WORK INSTRUCTION: Could the entries below be transcribed word for word, with the pictures omitted?

----

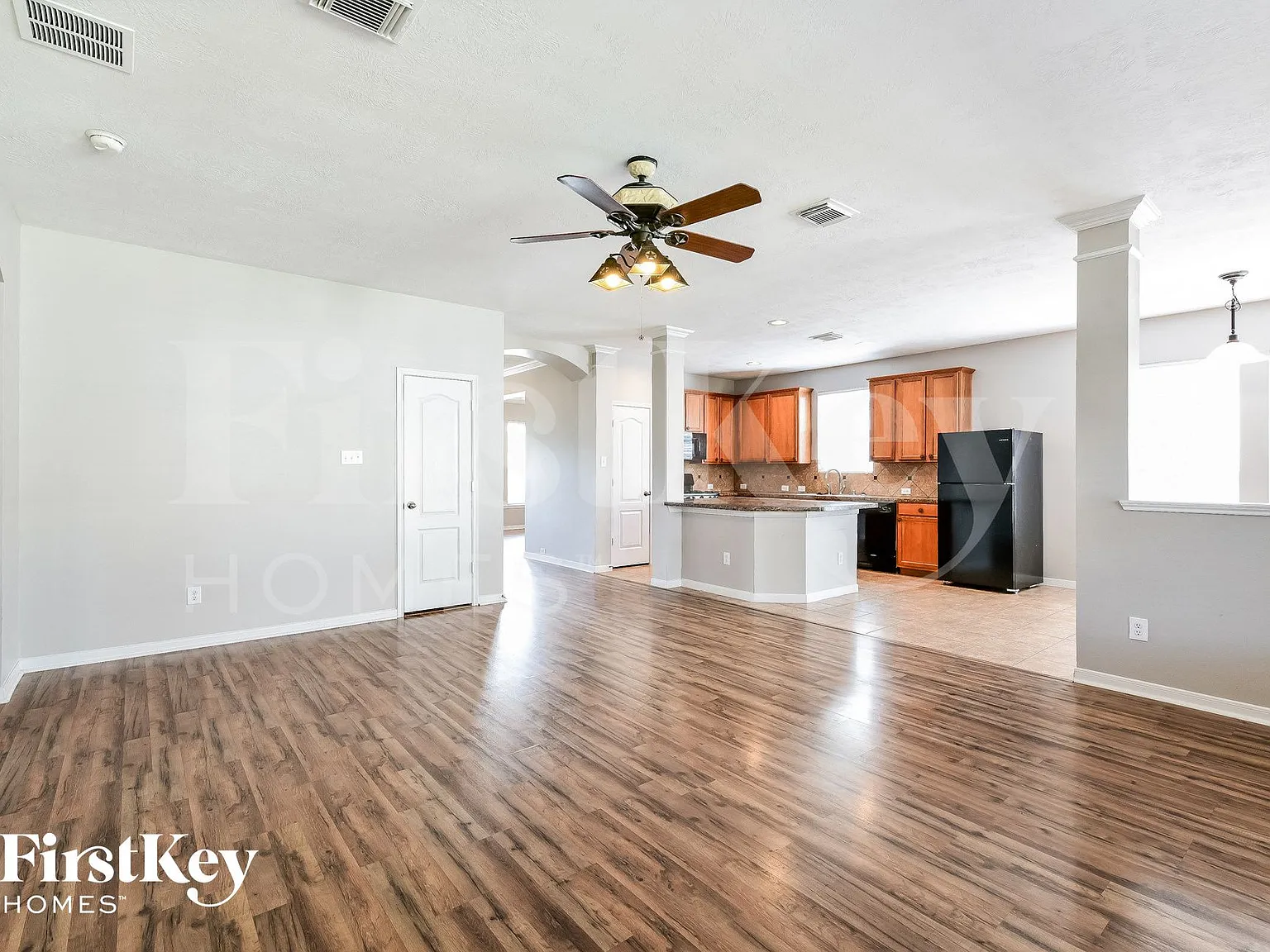5 bed, 3.0 bath, 2756 sqft, $2,405 — Photo 3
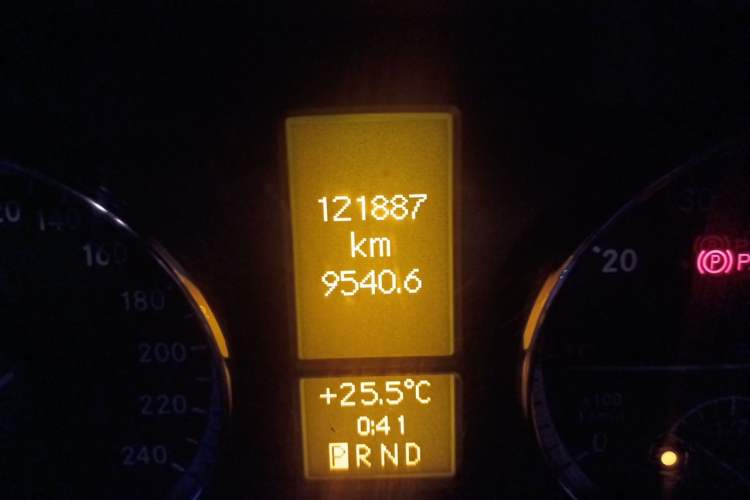 Used Mercedes-Benz Viano 2010 2.5L Prestige Edition Odometer Close Up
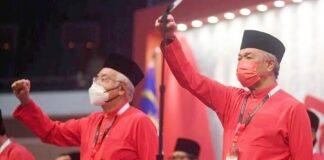 Zahid calls for standing ovation for Najib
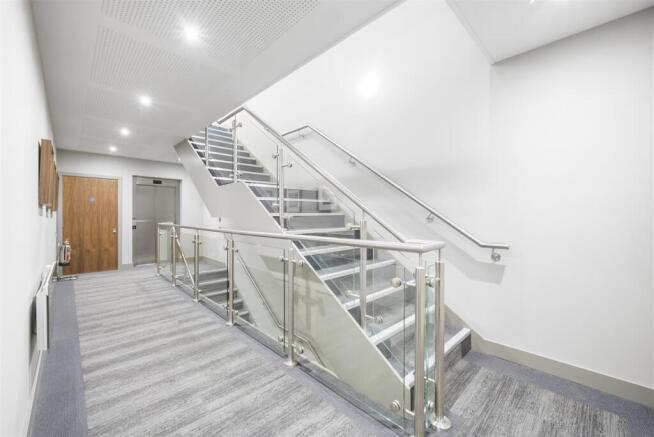2 bed Apartment for sale Image 5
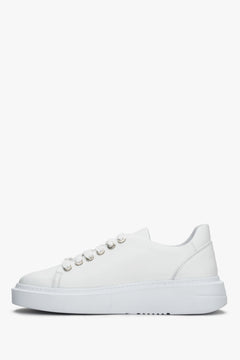 Women's White Low-Top Leather Sneakers Estro ER00111060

----

SOLUTION:
5 bed, 3.0 bath, 2756 sqft, $2,405 — Photo 3
 Used Mercedes-Benz Viano 2010 2.5L Prestige Edition Odometer Close Up
 Zahid calls for standing ovation for Najib
2 bed Apartment for sale Image 5
 Women's White Low-Top Leather Sneakers Estro ER00111060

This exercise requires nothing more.